African / Boys / Children

How to Learn Love and Say Negro!

The Negro Project

This is the last post on my current musings on love.

I thought before I step off the subject I should underline one last thing about the significance of love in our lives as desirable, beautiful African boys and girls. There may not be many initiatives such as this which used this picture of poor, black and undesirable Negro children, but the imperative of love remains if we are to realise the genius of being young, gifted and black, as Donny Hathaway sang it.

Here goes: In spite of the important and rapid steps toward better race relations in the larger society, the African parent is still faced with the responsibility of providing his children with basic foundations of a healthy personality. It is difficult for these children to feel that they are of value unless they are given such indications within the intimate family unit. African children need special assurance that their parents love them and want them. These children need to know that this love is unconditional – that they are loved because they are human beings worthy of love and respect from other human beings. Paradoxically, the social forces that necessitate this relationship in the African family may interfere with the ability of these parents, particularly of the working classes, to express warmth, love, and acceptance for their children – for the African parent is himself the product of racial pressures and frustrations. It is imperative, however, that this cycle be broken. Because it cannot be broken by the child, it must be broken by parents and by larger society.

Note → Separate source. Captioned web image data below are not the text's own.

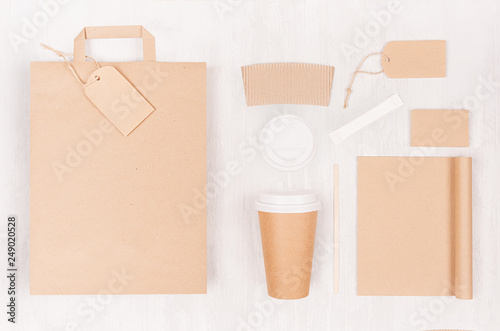 Eco friendly coffee template for design, advertising and branding - brown paper cup and blank bag, notebook, label, card, cap, sugar on white wood board, top view.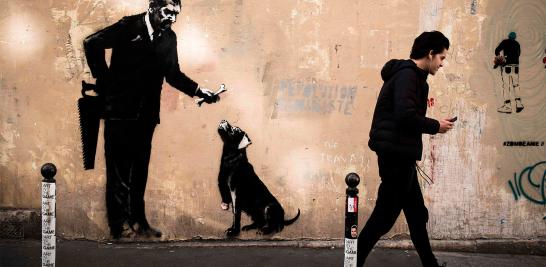 Esta obra apareció al lado de la Sorbona, en Paris. El hombre de la imagen entusiasma con un hueso a un perro al que le acaban de amputar la pierna... mientras esconde la sierra a sus espaldas.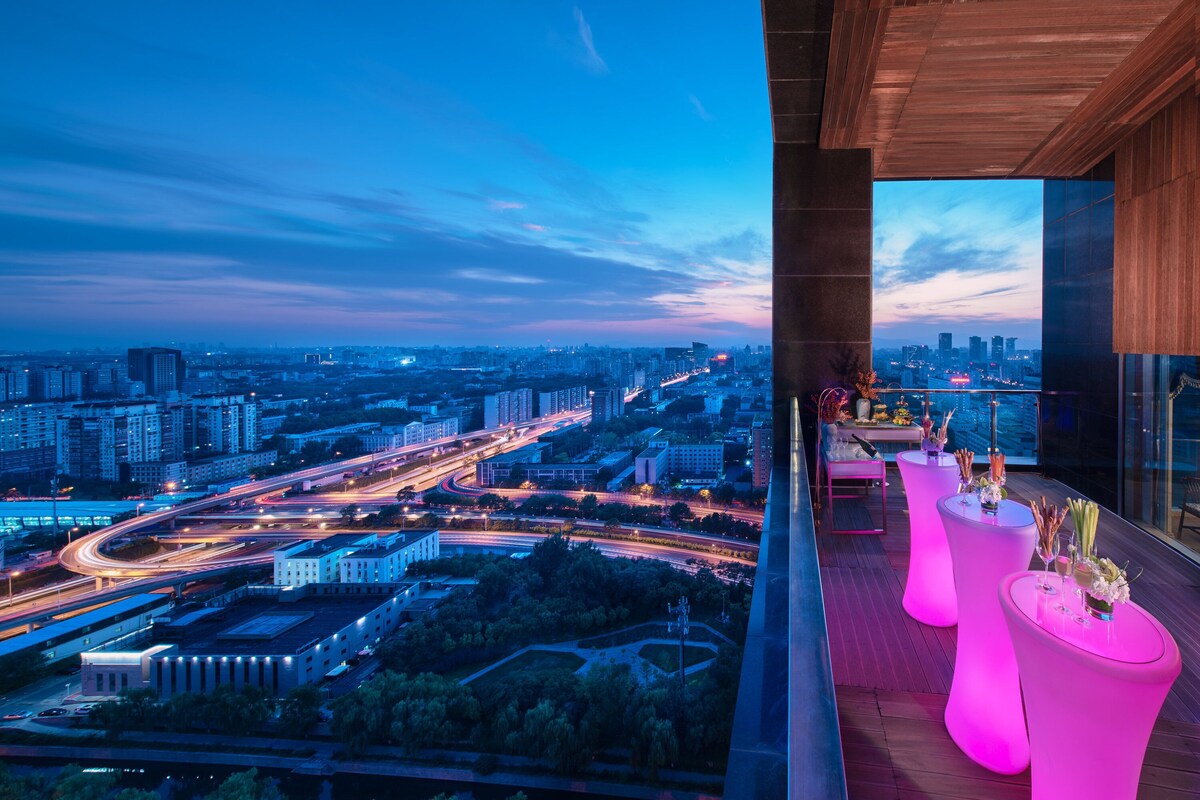A high-rise building with a panoramic city view, a balcony with modern furniture, and a dining area with a table set for two.
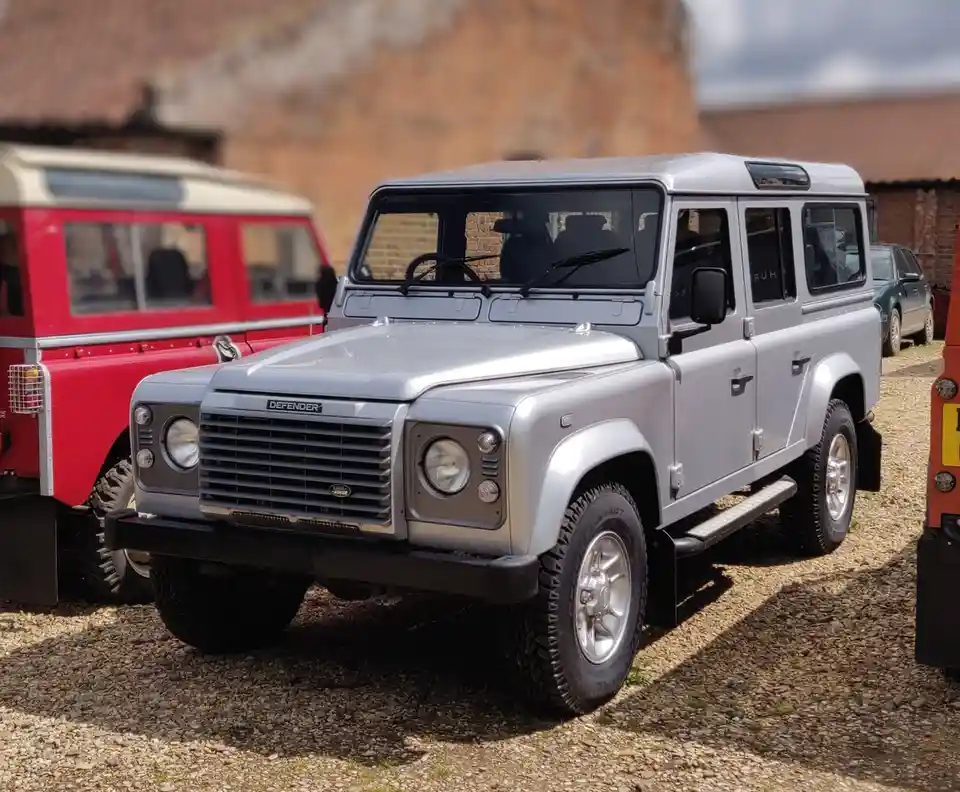 A silver Land Rover Defender is parked on gravel in front of a red Land Rover, with brick buildings in the background. The…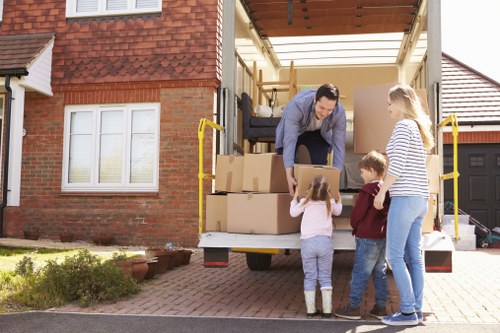 Careful handling of desks and boxes during a student move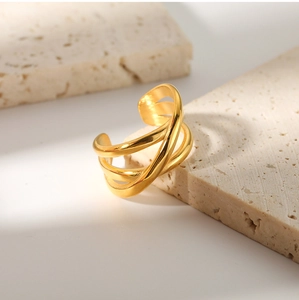 Macro detail of 18K gold-plated multilayer crisscross ring on textured stone base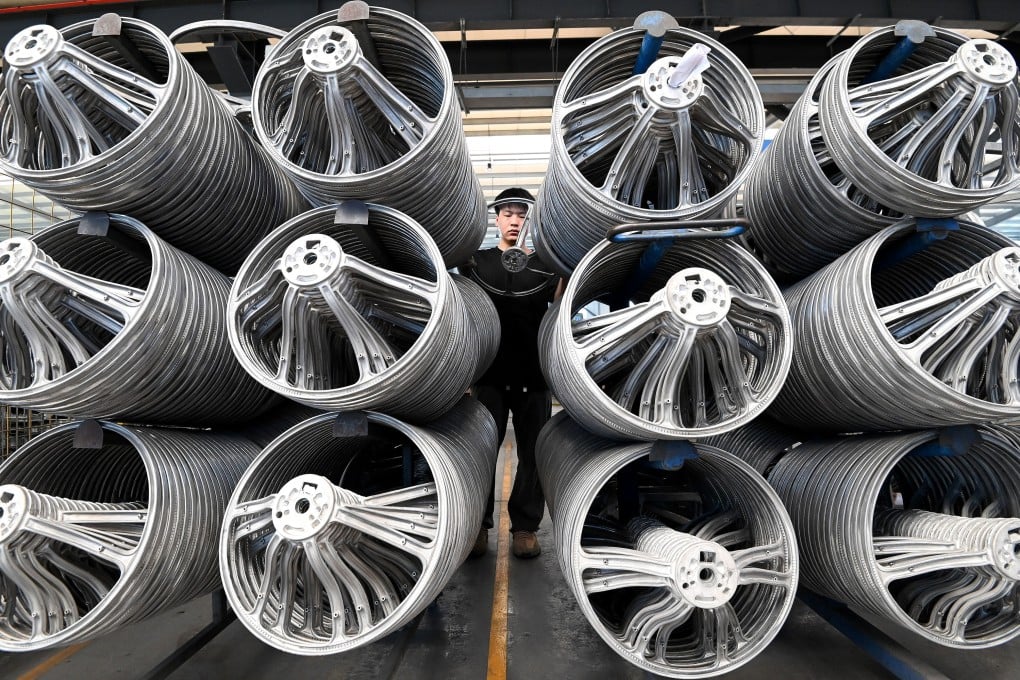 A worker inspecting the quality of a car steering wheel frame at an enterprise in Handan city, Hebei province, China, on July 15, 2025. Photo: Getty Images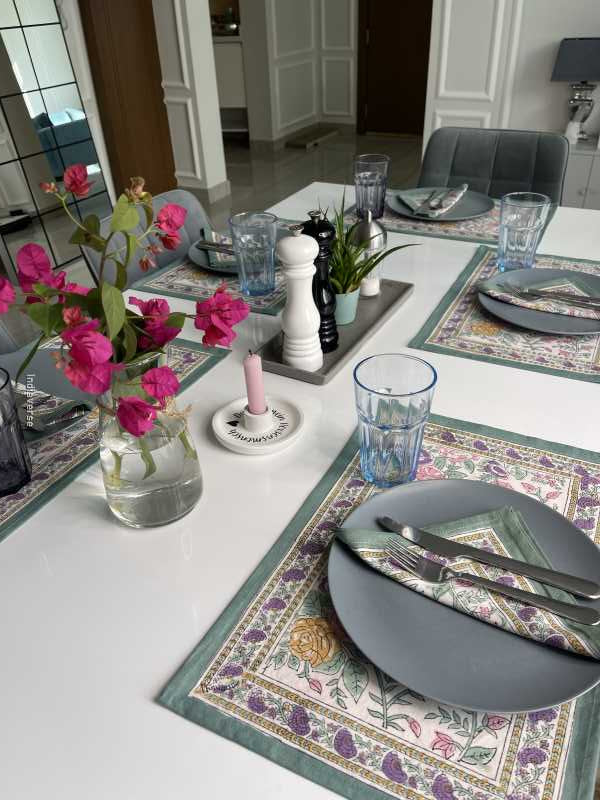 Exquisite 6-piece hand block printed placemat and napkin set in pure cotton stand out with a green purple floral design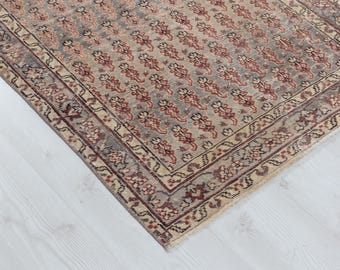 May include: A rectangular area rug featuring a repeating pattern of small, stylized floral motifs in shades of red, black, and cream. The rug has a wide, decorative border with intricate geometric and floral designs in matching colors.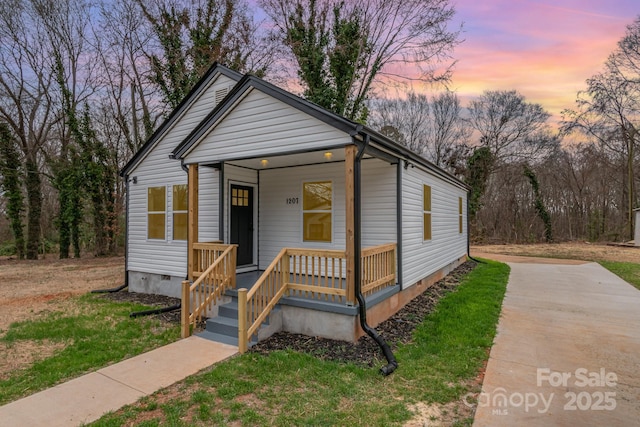 shotgun-style home featuring a porch and crawl space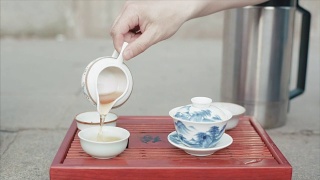 传统的中国茶道。视频。男子手套中国茶杯特写。中国的饮茶仪式。倒茶喝视频素材模板下载
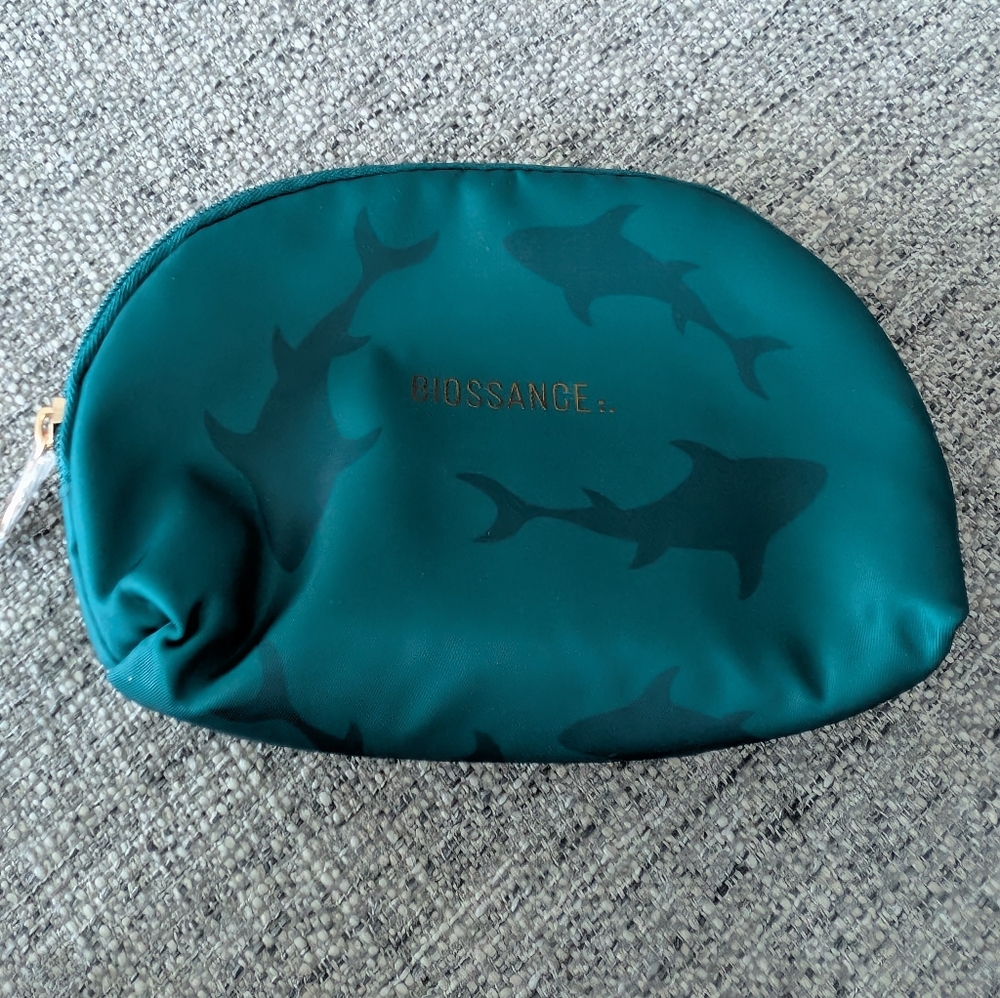 Biossance Teal Shark Print Pouch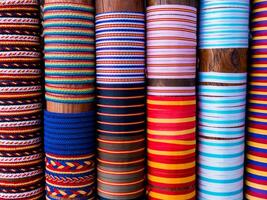 Colorful rolled fabric display with various patterns and textures photo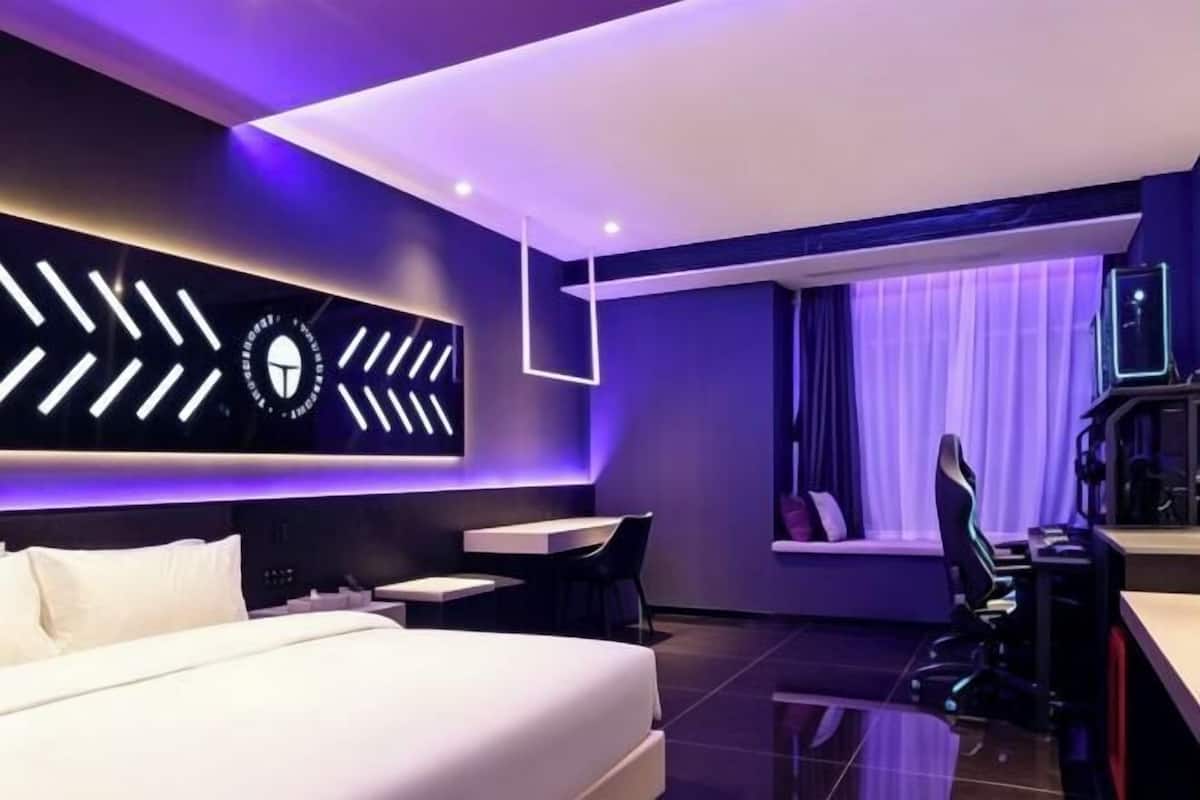 Ein modernes Hotelzimmer mit einem Bett, einem Schreibtisch, einem Sessel und einem am Wand montierten Fernseher.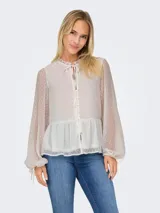 Blusa blanca con textura de lunares, cuello con volantes y lazo, cierre frontal con botones, mangas largas abullonadas con puños elásticos y corte peplum.
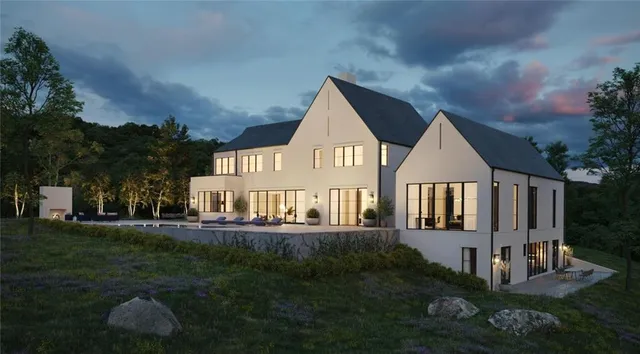 a view of a house next to a yard and large trees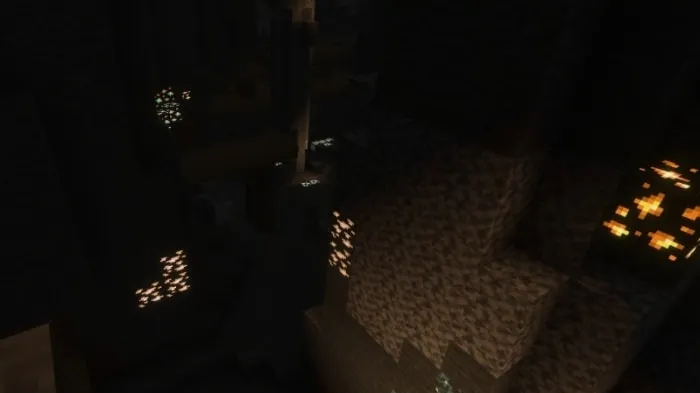 Dark cave with glowing mineral textures.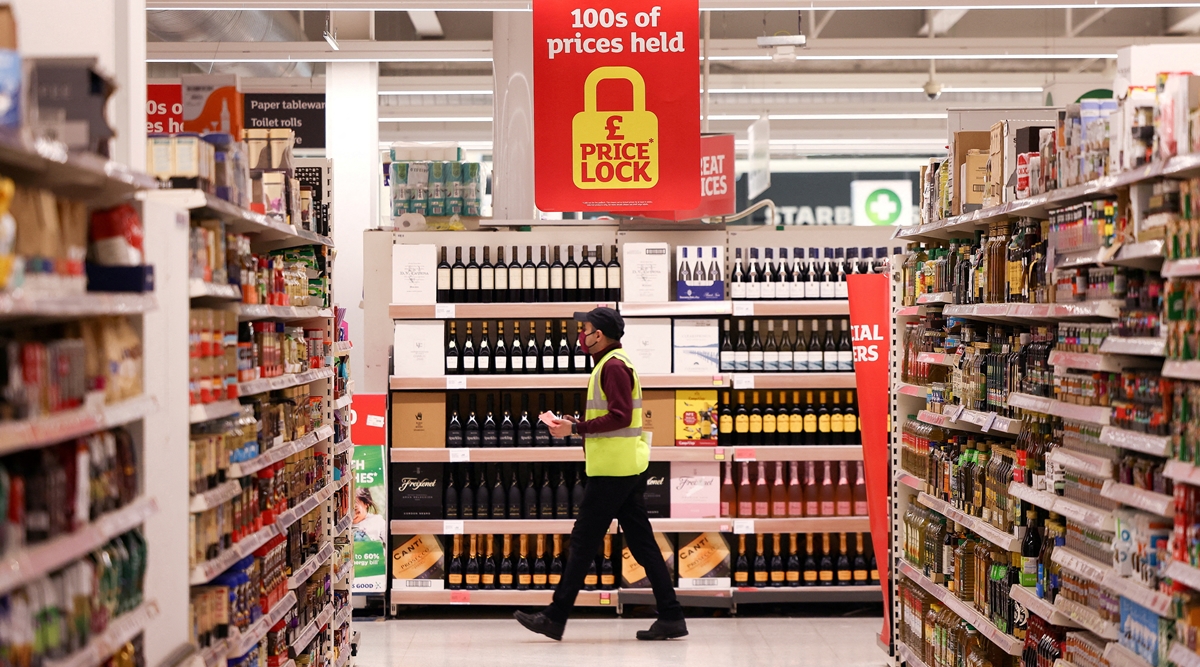 A employee walks inside a Sainsbury's supermarket in Richmond, west London, Britain (REUTERS/File photo)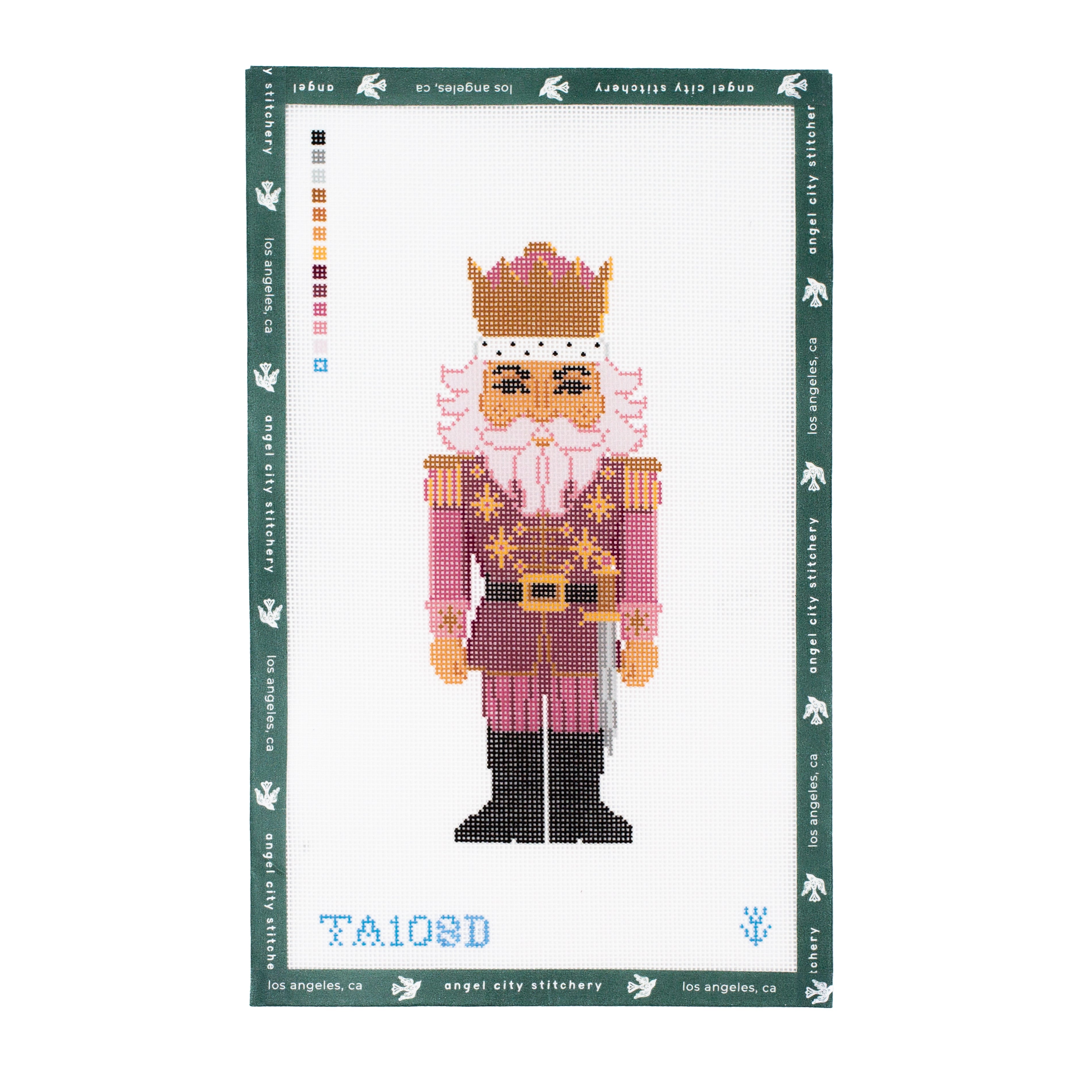 Embroidery canvas pattern nutcracker design on a white background with a green border.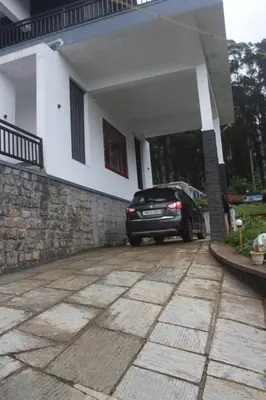 a car parked in front of a house at Airy Homestay Ooty by Lexstays in Ooty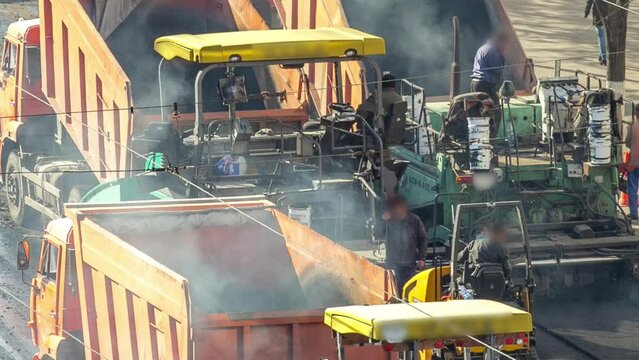 Workers operating asphalt paver machines during road construction and repairing works timelapse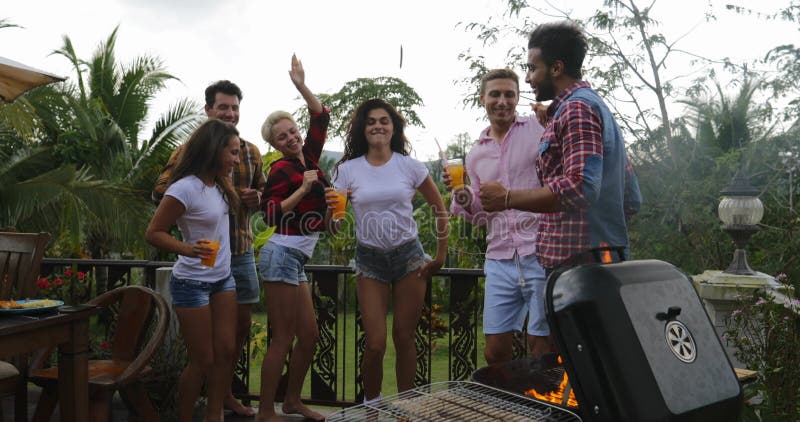 Les jeunes dansant tout en faisant cuire le rassemblement gai de groupe heureux de barbecue sur la terrasse d'été ayant la partie banque de vidéos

This encapuslates some of my thought and feeling on the subject as they have to do with love while being black and raising children. In my view this is one of the best statements of how one learns to love as an African person. It may be true for persons of other races, nationalities and colours too, I don’t know. The paragraph is not mine though. I have taken it word for word from Kenneth Clarke’s ‘From Prejudice and Your Child’. The book was published in 1955. All I have done, with apologies to Clarke and his followers, is substitute African for Negro. To be sure, not knowing the politics of African American self-identities from inside, I have always been attracted to the sound of the word Negro. Negro! It has such power and sass. But you have to learn to feel Negroes before you love the word Negro. That sounds like corner-shop sophistry: feel Negroes before love Negro. I mean you have to learn what it means to be black before you understand the power and intimacy attached to words like Negro, black, African. I find that whenever I am assured of and comfortable with another person’s politics and closeness to me, I once in a while call him or her ‘Negro’ (never Negress). ‘Negro, that’s beautiful’, I might say. One person is growing up knowing himself called Negro is a certain 4-year old who will soon ask me, ‘Daddy, what does Negro mean?’ It will be soon, because I think the time is near to let him know why he is black.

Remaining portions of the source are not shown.